Source: American Council of Learned Societies

Sol Miguel-Prendes, Associate Professor of Romance Languages, has been awarded an American Council of Learned Societies (ACLS) Contemplative Practice Fellowship. It is one of ten awarded nationally each year “to advance scholarship and to encourage innovative course research” that will “restore and renew the critical contribution that contemplative practices can make to the life of the mind.” Dr. Miguel-Prendes won the single award for literature this year.

The course she is designing, “Contemplative Practices and Literary Creation,” is based on research for a book and will be taught initially to advanced undergraduate Spanish students. It examines three central images-the journey, the locus amoenus, and the inner city-as they are used in religious and lay texts in Castilian, Catalan, and other European contexts. The course is primarily devoted to the Middle Ages but will incorporate texts extending into the twentieth century.

Roberta Morosini

Networks and Knowledge: Synthesis and Innovation in the Muslim-Christian-Jewish Medieval Mediterranean, National Endowment for the Humanities

(NEH) Summer Institute, Barcelona, 2012.

Fellowship

Bogliasco Center

Dr. Morosini will write two chapters of her book, Whispers of the Dove, which examines representations of the prophet Muhammad in fourteenth and fifteenth-century Italy. It starts from canto XXVIII of The Inferno, where Dante features a peculiar punishment for Muhammad among the schismatic, and a Western legend, first mentioned in Vincent of Beauvais’s Speculum historiale, that describes a malicious religious figure who, to convince the masses that Muhammad has been elected the new Moses by the Holy Spirit, trains a dove to peck at his ear. Another legend, more popular in France than in Italy, involves a bull, trained to carry the book of the new religion between its horns. Whispers of the Dove examines these stories and images to explore the prejudice that Christian intellectuals in Byzantium transmitted to Western Europe.

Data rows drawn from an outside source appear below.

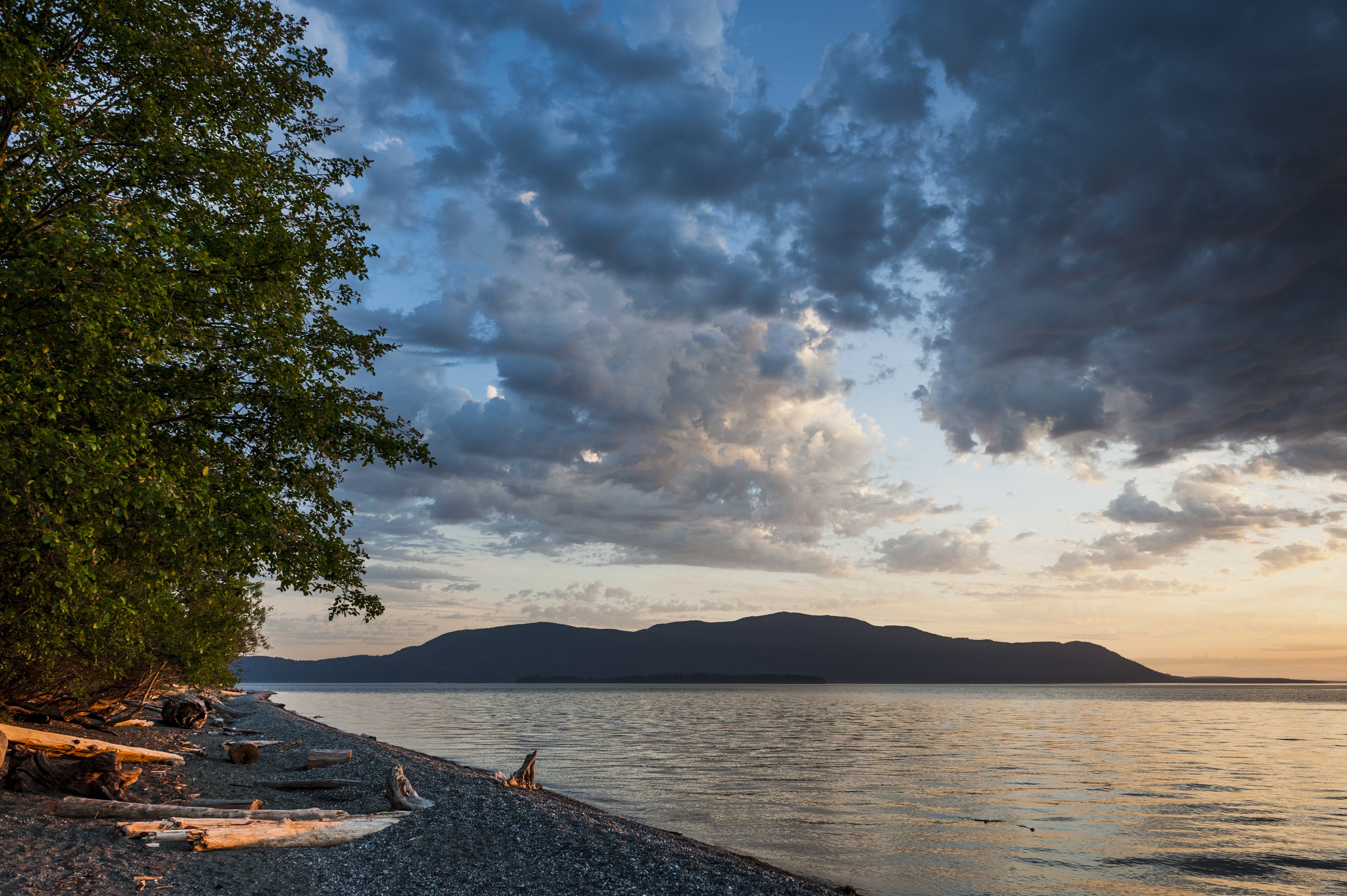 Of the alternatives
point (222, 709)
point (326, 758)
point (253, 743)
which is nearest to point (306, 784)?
point (326, 758)

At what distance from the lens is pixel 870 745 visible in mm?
57750

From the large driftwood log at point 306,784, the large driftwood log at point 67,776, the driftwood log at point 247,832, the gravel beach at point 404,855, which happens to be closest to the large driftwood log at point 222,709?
the large driftwood log at point 306,784

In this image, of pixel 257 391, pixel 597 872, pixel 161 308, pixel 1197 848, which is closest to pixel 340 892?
pixel 597 872

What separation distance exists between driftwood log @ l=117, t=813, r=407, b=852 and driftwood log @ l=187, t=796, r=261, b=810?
6.09ft

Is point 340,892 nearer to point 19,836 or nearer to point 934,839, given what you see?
point 19,836

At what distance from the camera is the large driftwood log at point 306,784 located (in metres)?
23.8

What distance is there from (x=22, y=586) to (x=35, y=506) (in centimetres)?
444

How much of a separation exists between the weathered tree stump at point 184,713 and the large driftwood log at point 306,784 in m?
23.8

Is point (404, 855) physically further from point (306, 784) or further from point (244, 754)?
point (244, 754)

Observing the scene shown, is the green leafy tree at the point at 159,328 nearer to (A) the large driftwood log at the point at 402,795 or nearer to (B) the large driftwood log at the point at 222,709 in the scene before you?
(A) the large driftwood log at the point at 402,795

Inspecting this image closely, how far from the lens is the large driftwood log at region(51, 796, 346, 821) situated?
51.6 feet

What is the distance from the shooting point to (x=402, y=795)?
846 inches

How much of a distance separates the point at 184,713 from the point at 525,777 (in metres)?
26.8

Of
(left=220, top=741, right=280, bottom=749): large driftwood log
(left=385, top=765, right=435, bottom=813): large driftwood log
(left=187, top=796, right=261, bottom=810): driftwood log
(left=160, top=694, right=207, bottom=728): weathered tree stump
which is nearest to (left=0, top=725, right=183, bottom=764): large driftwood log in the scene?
(left=187, top=796, right=261, bottom=810): driftwood log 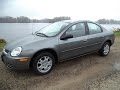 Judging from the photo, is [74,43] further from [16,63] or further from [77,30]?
[16,63]

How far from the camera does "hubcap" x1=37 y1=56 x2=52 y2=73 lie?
5.24 meters

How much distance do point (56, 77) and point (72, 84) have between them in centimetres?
62

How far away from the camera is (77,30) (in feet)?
19.9

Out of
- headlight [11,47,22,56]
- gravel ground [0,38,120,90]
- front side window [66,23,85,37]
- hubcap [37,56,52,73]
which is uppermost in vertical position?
front side window [66,23,85,37]

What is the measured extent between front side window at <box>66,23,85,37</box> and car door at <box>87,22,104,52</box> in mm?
314

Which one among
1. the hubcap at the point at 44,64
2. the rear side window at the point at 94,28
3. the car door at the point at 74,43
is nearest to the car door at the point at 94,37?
the rear side window at the point at 94,28

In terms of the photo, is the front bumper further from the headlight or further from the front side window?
the front side window

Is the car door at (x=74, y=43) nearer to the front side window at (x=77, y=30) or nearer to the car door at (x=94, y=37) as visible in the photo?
the front side window at (x=77, y=30)

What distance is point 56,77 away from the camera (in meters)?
5.21

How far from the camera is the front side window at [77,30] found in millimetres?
5897

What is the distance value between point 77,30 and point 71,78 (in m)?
1.72

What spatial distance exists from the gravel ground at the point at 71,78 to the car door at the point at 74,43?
0.49 meters

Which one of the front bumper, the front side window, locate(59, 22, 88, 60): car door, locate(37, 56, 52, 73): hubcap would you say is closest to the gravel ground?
locate(37, 56, 52, 73): hubcap

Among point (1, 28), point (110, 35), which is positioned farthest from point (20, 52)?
point (1, 28)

What about the ‘Franceschi romanzi’? From France to Italy and Italy to France. The Rewriting of French Models in Boccaccio’s Neapolitan vernacular works: Filocolo (1336-39), Filostrato (1338), and Teseida (1339-41) and a French rewriting of the Filocolo: Le Philocope (1555) by Adrien Seuin

Awarded $40K for the period 2003-2004

Source: Harvard University Villa I Tatti Fellowship

Roberta Morosini, Assistant Professor of Romance Languages, is among 15 candidates nationally to win an I Tatti Fellowship for Italian Renaissance studies from Harvard University. She will study in Florence as a Francesco De Dombrowski Fellow. Two people are chosen for each discipline, including literature, history, and art history.

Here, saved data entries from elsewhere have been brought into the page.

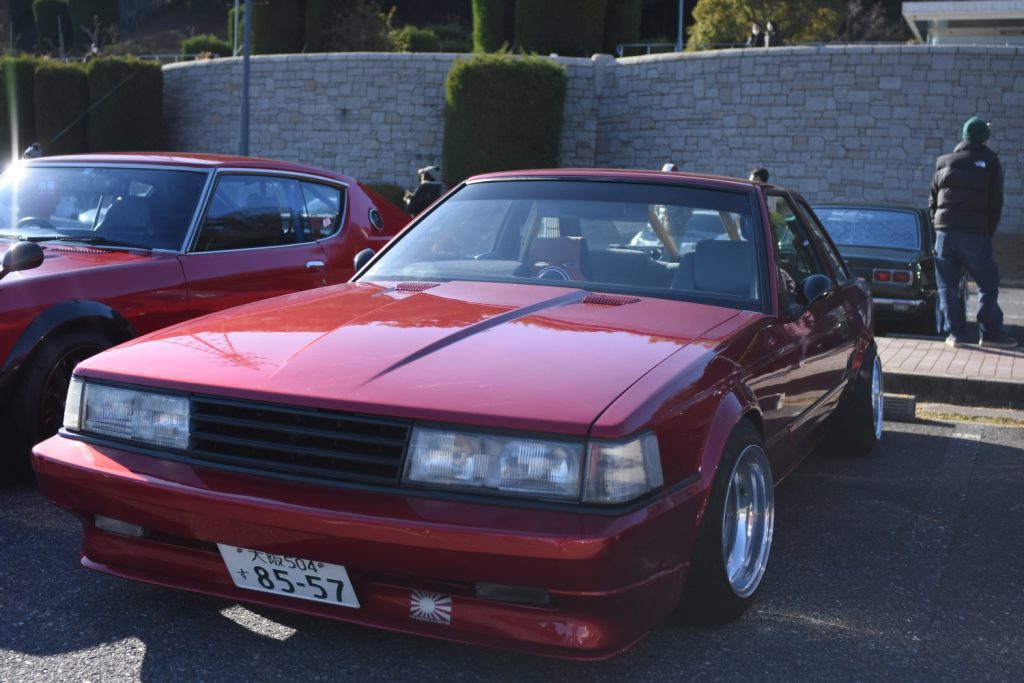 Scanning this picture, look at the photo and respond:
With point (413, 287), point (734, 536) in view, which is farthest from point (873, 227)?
point (734, 536)

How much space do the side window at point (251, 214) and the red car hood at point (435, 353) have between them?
6.18 feet

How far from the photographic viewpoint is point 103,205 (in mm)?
5777

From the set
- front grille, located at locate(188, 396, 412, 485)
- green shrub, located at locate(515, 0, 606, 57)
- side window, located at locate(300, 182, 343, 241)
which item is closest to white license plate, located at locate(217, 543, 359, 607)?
front grille, located at locate(188, 396, 412, 485)

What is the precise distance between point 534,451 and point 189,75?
112ft

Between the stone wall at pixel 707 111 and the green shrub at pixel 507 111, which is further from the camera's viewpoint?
the green shrub at pixel 507 111

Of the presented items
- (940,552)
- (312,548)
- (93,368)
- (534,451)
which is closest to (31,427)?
(93,368)

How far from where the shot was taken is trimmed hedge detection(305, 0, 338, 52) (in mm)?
38312

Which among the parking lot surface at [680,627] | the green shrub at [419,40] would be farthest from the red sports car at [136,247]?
the green shrub at [419,40]

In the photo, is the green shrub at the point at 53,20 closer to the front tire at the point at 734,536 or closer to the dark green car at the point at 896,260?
the dark green car at the point at 896,260

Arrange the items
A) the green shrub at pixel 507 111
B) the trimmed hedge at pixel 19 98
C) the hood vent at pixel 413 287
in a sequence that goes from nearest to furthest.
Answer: the hood vent at pixel 413 287 → the green shrub at pixel 507 111 → the trimmed hedge at pixel 19 98

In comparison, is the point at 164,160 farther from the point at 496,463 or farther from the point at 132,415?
the point at 496,463

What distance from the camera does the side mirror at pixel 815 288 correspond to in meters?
4.39

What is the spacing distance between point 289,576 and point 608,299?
5.14 ft

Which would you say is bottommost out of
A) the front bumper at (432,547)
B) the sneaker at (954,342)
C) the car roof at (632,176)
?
the sneaker at (954,342) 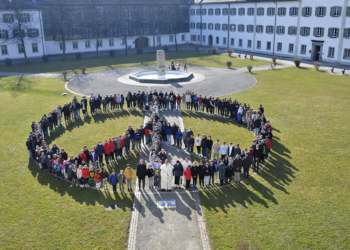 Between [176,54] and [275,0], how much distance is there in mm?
19276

In addition to a $40K stipend and residence at the villa during the 2003/2004 academic year, Dr. Morosini will receive a $1,500 grant from the Lila Wallace – Reader’s Digest Fund to lecture on her work and to submit an article to I Tatti Studies in the two years following the stay.

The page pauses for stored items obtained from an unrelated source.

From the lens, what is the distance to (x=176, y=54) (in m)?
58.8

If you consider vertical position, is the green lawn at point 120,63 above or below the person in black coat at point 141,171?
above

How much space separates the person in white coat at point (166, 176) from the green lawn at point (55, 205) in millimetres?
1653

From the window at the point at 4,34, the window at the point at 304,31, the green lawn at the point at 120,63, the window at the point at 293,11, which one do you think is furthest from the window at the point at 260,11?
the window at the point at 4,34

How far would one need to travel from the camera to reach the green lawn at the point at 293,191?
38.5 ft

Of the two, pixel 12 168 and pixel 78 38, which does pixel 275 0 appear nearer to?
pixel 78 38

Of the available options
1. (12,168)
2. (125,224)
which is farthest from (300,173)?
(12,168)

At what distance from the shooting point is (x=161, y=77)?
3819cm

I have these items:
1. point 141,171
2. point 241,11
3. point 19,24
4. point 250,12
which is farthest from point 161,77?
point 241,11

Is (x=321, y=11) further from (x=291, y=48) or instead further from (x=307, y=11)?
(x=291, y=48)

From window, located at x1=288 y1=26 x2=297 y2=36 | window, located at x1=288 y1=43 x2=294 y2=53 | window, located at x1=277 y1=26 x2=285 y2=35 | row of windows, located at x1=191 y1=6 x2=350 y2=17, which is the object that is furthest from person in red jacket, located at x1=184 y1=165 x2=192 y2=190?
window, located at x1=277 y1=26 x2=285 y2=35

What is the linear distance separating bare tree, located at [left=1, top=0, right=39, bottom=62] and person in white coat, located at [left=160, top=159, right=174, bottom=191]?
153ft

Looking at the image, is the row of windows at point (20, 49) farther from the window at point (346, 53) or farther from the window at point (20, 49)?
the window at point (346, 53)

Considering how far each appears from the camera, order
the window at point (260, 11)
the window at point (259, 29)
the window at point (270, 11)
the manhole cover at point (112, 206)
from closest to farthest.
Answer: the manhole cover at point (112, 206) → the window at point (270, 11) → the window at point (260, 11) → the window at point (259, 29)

Dr. Morosini will investigate “What about the ‘Franceschi romanzi’? From France to Italy and Italy to France. The Rewriting of French Models in Boccaccio’s Neapolitan vernacular works: Filocolo (1336-39), Filostrato (1338), and Teseida (1339-41) and a French rewriting of the Filocolo: Le Philocope (1555) by Adrien Seuin.” Franceschi romanzi refers to the Old French romances mentioned by one of Boccaccio’s heroines, the love-struck Fiammetta in the Elegia di Madonna Fiammetta. Dr. Morosini will examine the French romances reworked by Boccaccio as well as the first French edition of the Filocolo, which Boccaccio had originally rewritten and adapted from the Old French Floire et Blancheflor.